# WHAT IS BEING ASKED:
Set down the data again word for word. Skip any pictures.

# EXERCISE DATA:
↓
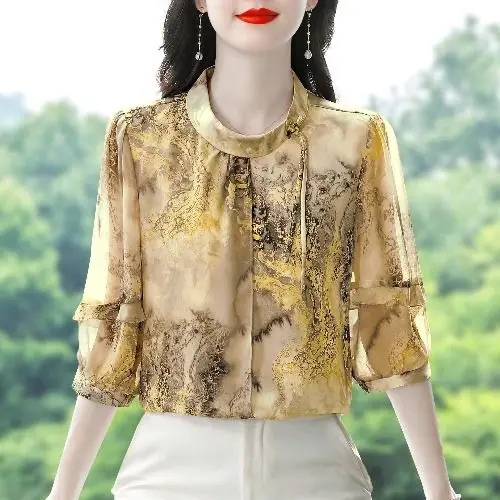 

Новый шифоновый топ в китайском стиле с цветочным принтом и рукавами пять четвертей, женская летняя новая рубашка в национальном стиле для мам, темпераментная рубашка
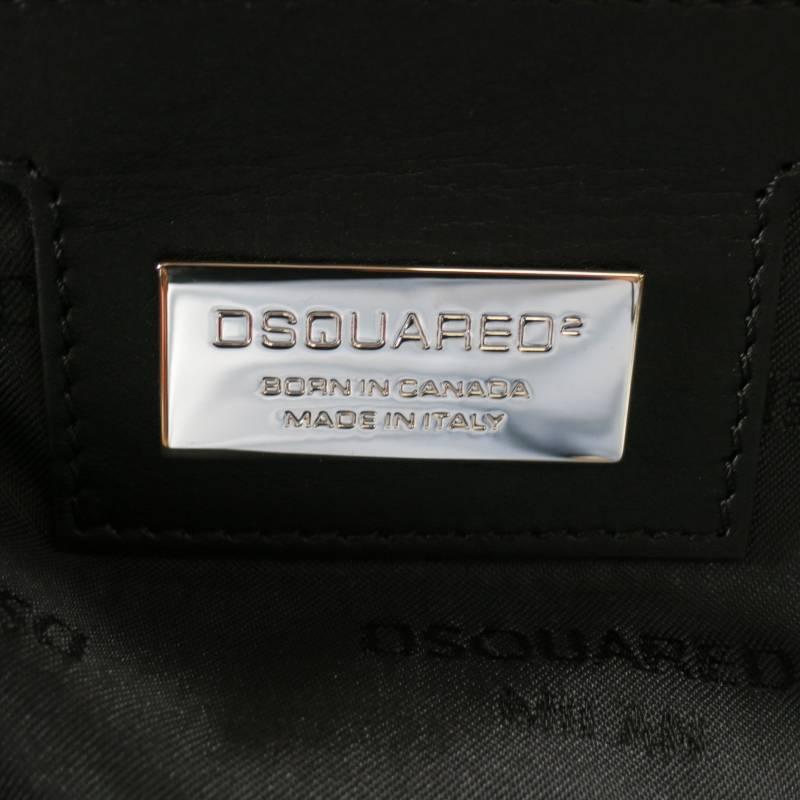 DSQUARED2 Black Spray Paint Tag Effect Leather Weekender Carry-On 4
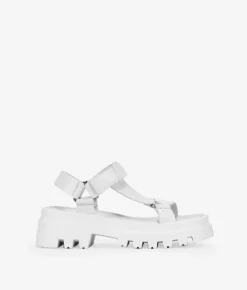 Bosanova Sandales De Sport | Chaussures En Cuir | Sandales en cuir blanc avec velcro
↑
# RESPONSE FOR THIS EXERCISE:
Новый шифоновый топ в китайском стиле с цветочным принтом и рукавами пять четвертей, женская летняя новая рубашка в национальном стиле для мам, темпераментная рубашка
 DSQUARED2 Black Spray Paint Tag Effect Leather Weekender Carry-On 4
 Bosanova Sandales De Sport | Chaussures En Cuir | Sandales en cuir blanc avec velcro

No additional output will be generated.